- EXERCISE
In the entries below, the word "Photo" appears on some lines. Copy each of those lines.

- DATA EXTRACT
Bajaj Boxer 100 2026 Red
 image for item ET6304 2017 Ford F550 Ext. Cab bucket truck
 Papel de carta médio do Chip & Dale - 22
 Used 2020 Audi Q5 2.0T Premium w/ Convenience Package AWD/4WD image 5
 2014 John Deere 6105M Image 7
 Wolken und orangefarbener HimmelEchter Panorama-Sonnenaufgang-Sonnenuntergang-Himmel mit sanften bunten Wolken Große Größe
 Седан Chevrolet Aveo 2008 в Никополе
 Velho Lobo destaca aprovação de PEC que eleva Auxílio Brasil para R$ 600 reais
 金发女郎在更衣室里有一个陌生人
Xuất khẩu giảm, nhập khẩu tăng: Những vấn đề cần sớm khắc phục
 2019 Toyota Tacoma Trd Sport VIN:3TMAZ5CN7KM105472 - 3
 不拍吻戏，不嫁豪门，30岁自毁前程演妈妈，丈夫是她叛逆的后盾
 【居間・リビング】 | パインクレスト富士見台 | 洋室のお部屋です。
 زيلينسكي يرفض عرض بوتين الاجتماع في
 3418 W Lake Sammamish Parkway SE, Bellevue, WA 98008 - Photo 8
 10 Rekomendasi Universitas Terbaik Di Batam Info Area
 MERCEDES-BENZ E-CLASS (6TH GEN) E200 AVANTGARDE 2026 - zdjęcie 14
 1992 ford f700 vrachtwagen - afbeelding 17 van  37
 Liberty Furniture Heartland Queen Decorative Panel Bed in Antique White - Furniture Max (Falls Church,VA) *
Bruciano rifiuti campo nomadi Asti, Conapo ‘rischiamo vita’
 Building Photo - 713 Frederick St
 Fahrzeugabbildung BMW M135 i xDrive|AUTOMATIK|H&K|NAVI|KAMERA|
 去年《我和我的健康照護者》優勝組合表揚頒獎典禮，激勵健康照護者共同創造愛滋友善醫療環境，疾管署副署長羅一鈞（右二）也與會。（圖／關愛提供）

- RESULT BELOW
 3418 W Lake Sammamish Parkway SE, Bellevue, WA 98008 - Photo 8
 Building Photo - 713 Frederick St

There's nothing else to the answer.